Assembled latkes should sit in the fridge to firm up before pan frying.

* leaving some shredded yucca or taro visible gives this recipe the latke look the students achieved in class.

Add all ingredients to a spice grinder or coffee grinder and pulse until a fine consistency appears.

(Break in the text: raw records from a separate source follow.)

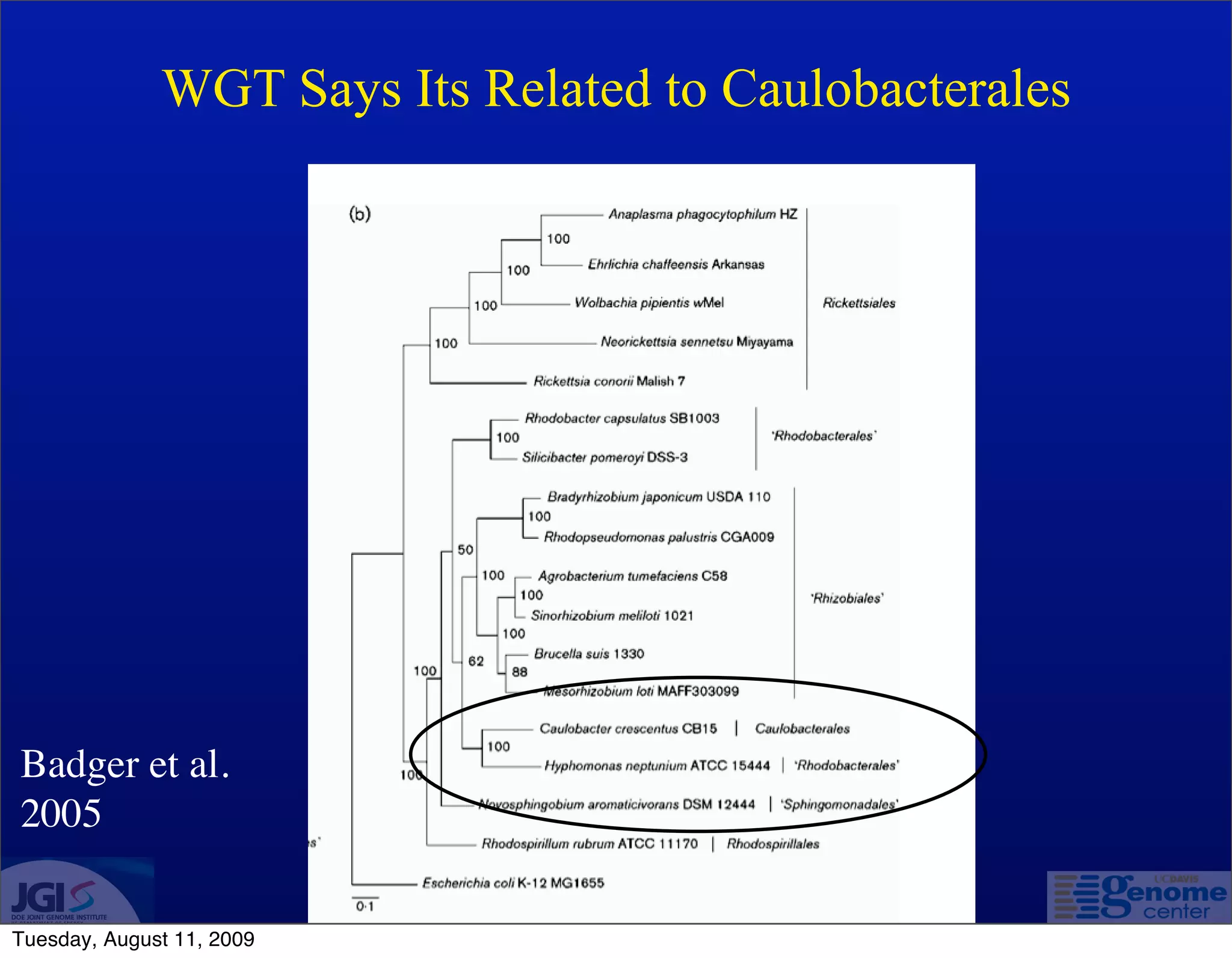 WGT Says Its Related to Caulobacterales




Badger et al.
2005

Tuesday, August 11, 2009
 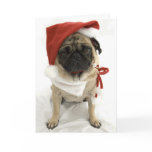 Funny Christmas Card - Puggy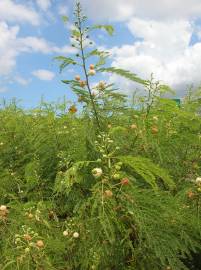 Fotografia da espécie Leucaena leucocephala
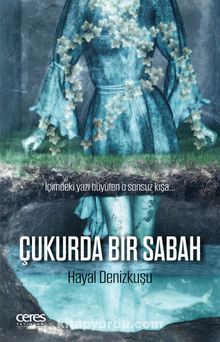 Çukurda Bir Sabah - Hayal Denizkuşu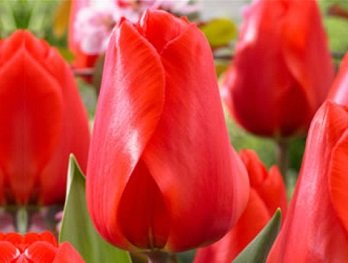Тюльпан «Lalibela» красный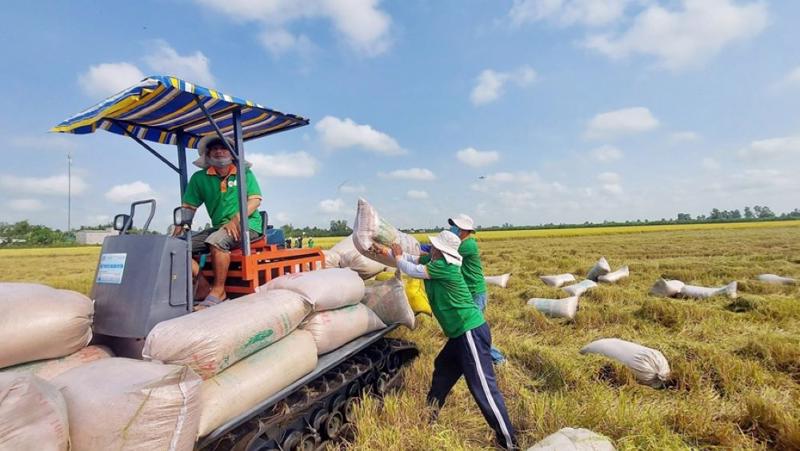 Giá gạo xuất khẩu của Việt Nam trở lại vị trí số 1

  • 1 medium Onion, chopped
  • 4 Russet Potatoes, peeled and shredded by hand or food processor
  • 3 tbsp Flour or Potato Starch
  • 3 Eggs
  • Salt and Pepper

Ingredients For the Toppings:

  • Applesauce (store-bought or homemade) or Sour Cream

  1. Sauté the onion in about 2 tbsp of olive oil till soft but not browned. Set aside to cool.
  2. Mix the grated potatoes, onions, flour and eggs together in a large bowl and season with salt and pepper to taste. Then turn them into a colander set over a large bowl. Drape a damp dishcloth over the colander. When it seems that very little liquid is draining off the potatoes, after about 15 minutes, carefully pour off the water leaving the starch that has collected at the bottom of the bowl. Mix the starch back into the potatoes – this will help hold the latkes together as they cook.
  3. Place a large skillet over a medium heat and pour in equal amounts of olive and canola oil to a depth of about 1 inch. The oil is hot enough when a tiny bit of the latke mixture sizzles when you drop it in.
  4. I make small latkes, 3-4 inches across, scooping up a large tablespoon of batter into my palm and flattening it out before sliding it into the pan. The edges of the latke are very ragged and make me think of multi-clawed crabs! It takes only a few minutes for the latkes to brown. Then I gently flip them. As they come out of the pan, I move them onto a cookie sheet lined with paper towels.

Guideline for Yield: One potato will make about 2-3 latkes. One person will eat 3 latkes, depending on the size.